Feb 1, 2007 Los Angeles Times

ID? No way
Clubs for the under-21 set are coming of age. Besides giving kids a place to hang, they are often barometers of the next hot thing.

By Jessica Gelt, Special to The Times

The tiniest boy to ever don a Misfits T-shirt hops onto a raised platform above a writhing mosh pit at the Allen Theatre in South Gate. His doe eyes are wide and dark and his tight gray Dickies bunch around his small behind. After a breathlessly fast number, the lead singer of the up-and-coming Latino and Filipino punk band Defied says, “We’re gonna speed it up,” and the pit erupts in howls. Round and round the rockers go — in a knotted, fist-flailing circle — while the boy watches with unconcealed awe.

The littlest Misfit is not yet old enough to realize that the wild people in the boiling pit below him are just kids themselves. Beneath the Mohawks and the leather and the metal-adorned attire, there are likely pairs of underwear washed by Mama.

All-ages clubs — not empty warehouses or skating rinks or dumpy basements, but proper venues with snazzy sound systems and snack bars full of salty-sweet savories — are a relatively new phenomenon. They have cropped up mainly during the last decade and have since become uncannily accurate barometers of what is about to become hot in music.
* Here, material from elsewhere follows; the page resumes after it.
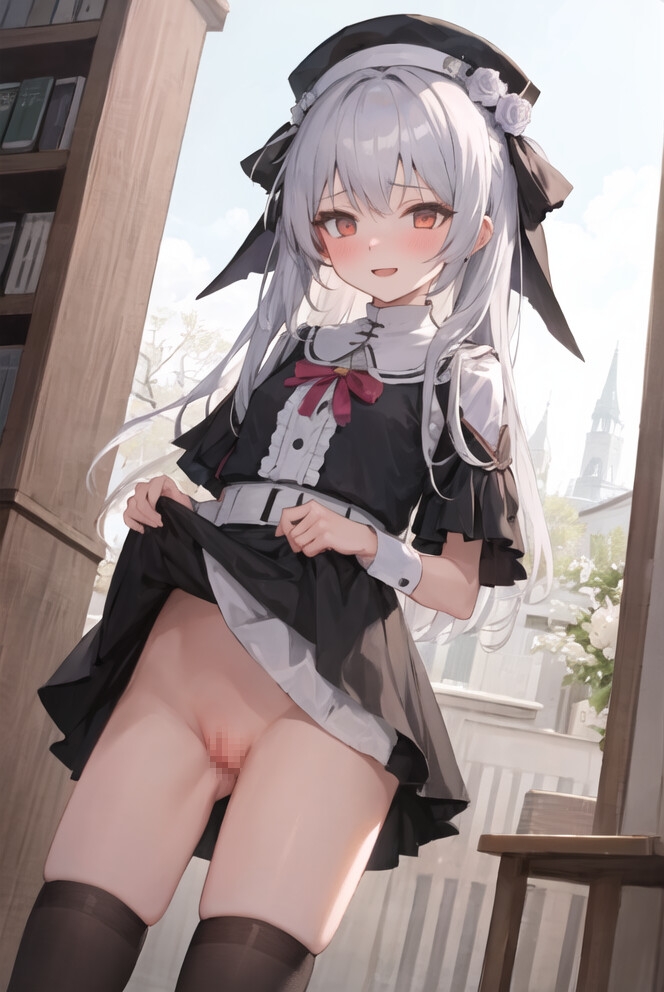 白髪の学生修道女露出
The reason is simple: They provide a safe, alcohol-free place for young people ages 10 to 20 to see the bands they love, something the jaded 21-and-older set takes for granted. This is approximately the same excitable demographic that, according to the Recording Industry Assn. of America, was responsible for more than 20% of all music sales in 2005. They are also the MySpace generation. Through them trends flow like white water.

The Allen Theatre is a monument to faded glory; its hundreds of royal-red seats are stained and torn, its floors are soda-sticky and its bathrooms ooze mildewed character. In short, it is the perfect place for rock ‘n’ roll. The neighborhood kids feel that instinctively.
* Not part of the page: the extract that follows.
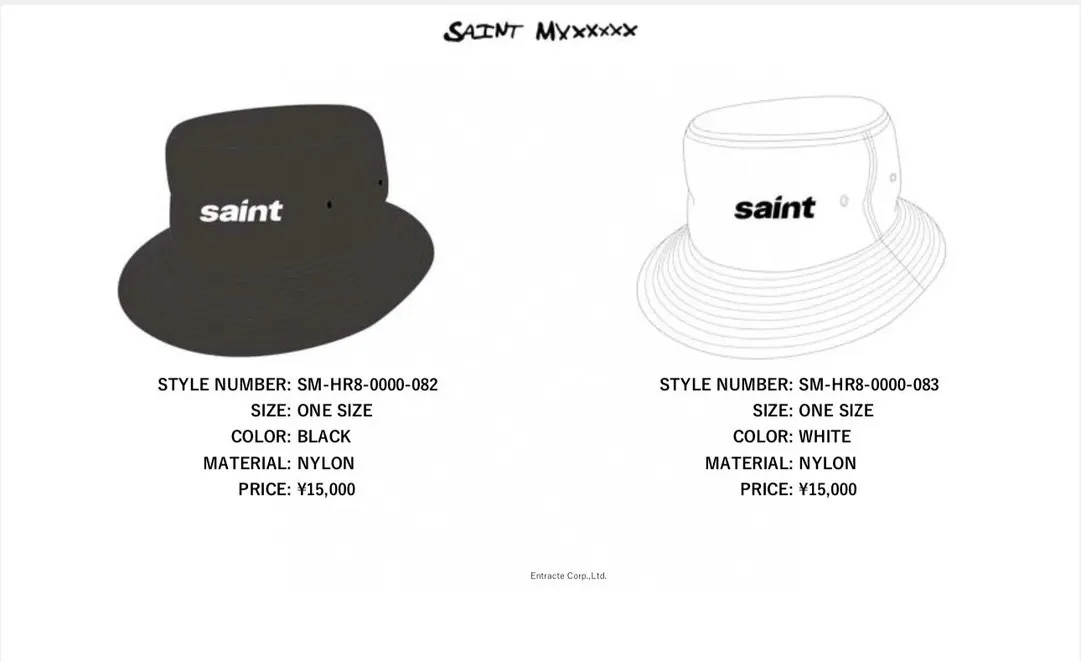 P78💰 SAINT official website 25SS new classic embroidered letter small label fisherman hat color: black milky white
Teens at the show say they come to the Allen regularly, and a number of them say they know the security guards and the owner. “I’ve been here before,” says 17-year-old Walter Ticas, who came with his 24-year-old sister. “I like it because I get to see the bands up close and have fun.”
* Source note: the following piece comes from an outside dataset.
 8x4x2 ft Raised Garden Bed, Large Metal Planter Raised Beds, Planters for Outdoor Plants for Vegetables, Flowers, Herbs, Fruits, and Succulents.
Owner John Riley opened the Allen because he recognized the need for a teen haven. Ten years ago one of the kids in his neighborhood was fatally shot while sitting on a street corner on a Saturday night.

“It was like he died because he didn’t have anywhere to go,” says Riley, who, with his wife, Cory, began running shows out of a signless building they called Our House before moving on to the Allen. “I’ve done this long enough to see how the kids are developing and what paths they’re taking. One of our bands, Left Alone, is signed to Hellcat and doing really well.”

Brian Defied, the 20-year-old singer for, you guessed it, the band Defied, remembers when the only shows his band could get were in friends’ backyards: “No one wanted to give us a chance. This was the first place that had us come and play. John, the owner, and I are good buddies. It’s like family here.”

That sense of devotion is key to the success of all-ages venues, most of which are not big money-making endeavors. “Labor of love” is how owners describe their work, which is why within a 50-mile radius of downtown L.A., only a dozen or so such places (with the wherewithal to mix touring bands with local acts) exist.

“Everyone wants the alcohol, because that’s where the real money comes in,” explains Andy Serrao, 24, the booking agent for Anaheim’s Chain Reaction. Serrao matriculated from being a patron of the club to working as a security guard before taking over his current duties. On a recent Saturday night, indie-pop favorites Meg & Dia and Daphne Loves Derby attract a capacity crowd of 240. Mini-hipsters roam the black room in tight, giggly cliques with a perfection of style that comes from hours spent self-consciously grooming. A shy couple holding hands shells out $2 for a Slushie at the well-lighted snack bar.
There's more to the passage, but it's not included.